アンパンマンは日本的行者である。
311の後でアンパンマンのマーチが話題になり、聞いてみたら、感動してしまった。なぜなのか?
アンパンマンのマーチ 作詞 やなせたかし 作曲 三木たかし そうだ!嬉しいんだ生きる喜び たとえ胸の傷が痛んでも 何の為に生まれて 何をして生きるのか 答えられないなんて そんなのは嫌だ! 今を生きることで 熱いこころ燃える だから君は行くんだ微笑んで。 そうだ!嬉しいんだ生きる喜び たとえ胸の傷が痛んでも。 嗚呼アンパンマン優しい君は 行け!皆の夢守る為
* 「そうだ!」の前の状態が問題なのである。《私》は、生きる喜びが分からなかったのである。胸の傷が痛んでいたのである。何の為に生まれたのか分からなかったのである。何をして生きるのがよいのかが分からなかったのである。
* 《私》は、「今を生きる」が、その答えである気とがついたのであろう。「今を生きる」ことが「生きる喜び」であり「嬉しさ」なのだと気がついたのである。
* 気づきは悟りである。ただし、小悟かもしれない。小さな悟りかもしれない。大悟(一切の疑問が一時に解決するような悟り)ではないかもしれない。しかし、大悟の大筋をたどっているのかもしれない。十牛図を見てみよう。
* 十牛図 http://ja.wikipedia.org/wiki/%E5%8D%81%E7%89%9B%E5%9B%B3
(8)人牛倶忘(にんぎゅうぐぼう) - すべてが忘れさられ、無に帰一すること。悟りを得た修行者も特別な存在ではなく本来の自然な姿に気づく。
(9)返本還源(へんぽんげんげん) - 原初の自然の美しさがあらわれてくること。悟りとはこのような自然の中にあることを表す。
(10)入[廛+郡-君]垂手(にってんすいしゅ) - まちへ... 悟りを得た修行者(童子から布袋和尚の姿になっている)が街へ出て、別の童子と遊ぶ姿を描き、人を導くことを表す。
* 「答えられないなんて そんなのは嫌だ!」が「本来の自然な姿」なのである。
* 「そうだ!(人々は)嬉しいんだ。生きる喜び(があるから人々は生きているんだ)」「今を生きることで 熱いこころ燃える」。これが人々の「本来の自然な姿」なのであり、人々の「原初の自然の美しさ」なのである。
* 「だから君は行くんだ微笑んで。」「嗚呼アンパンマン優しい君は。行け!皆の夢守る為」。「修行者が街へ出て、別の童子と遊ぶ」「人を導く」のである。

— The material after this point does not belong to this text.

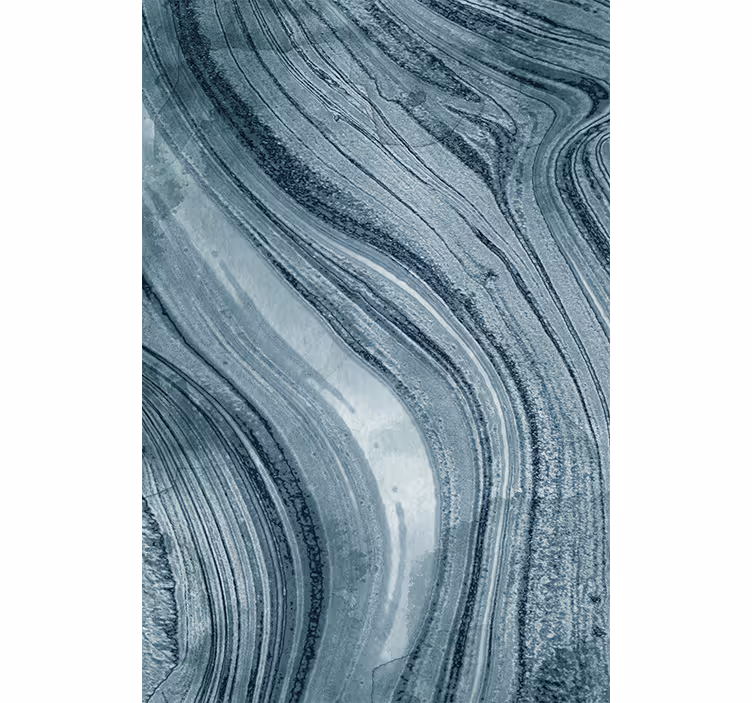 Marble Swirl Motif pattern roller blind - TenStickers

何が君の幸せ 何をして喜ぶ 解らないまま終わる そんなのは嫌だ! 忘れないで夢を 零さないで涙 だから君は飛ぶんだ何処までも そうだ!恐れないでみんなの為に 愛と勇気だけが友達さ 嗚呼アンパンマン優しい君は 行け!皆の夢守る為
* 「愛と勇気だけが友達さ」。このフレーズが物議を呼んでいるようである。人である友達はいないのか? 当たり前である。修行者や覚者は人である友達を持たないのである。
時は早く過ぎる 光る星は消える だから君は行くんだ微笑んで そうだ!嬉しいんだ生きる喜び たとえどんな敵が相手でも 嗚呼アンパンマン優しい君は 行け!皆の夢守る為
* 「時は早く過ぎる 光る星は消える。《だから》君は行くんだ」。諸行無常の悟りの先に、アンパンマンは居るのである。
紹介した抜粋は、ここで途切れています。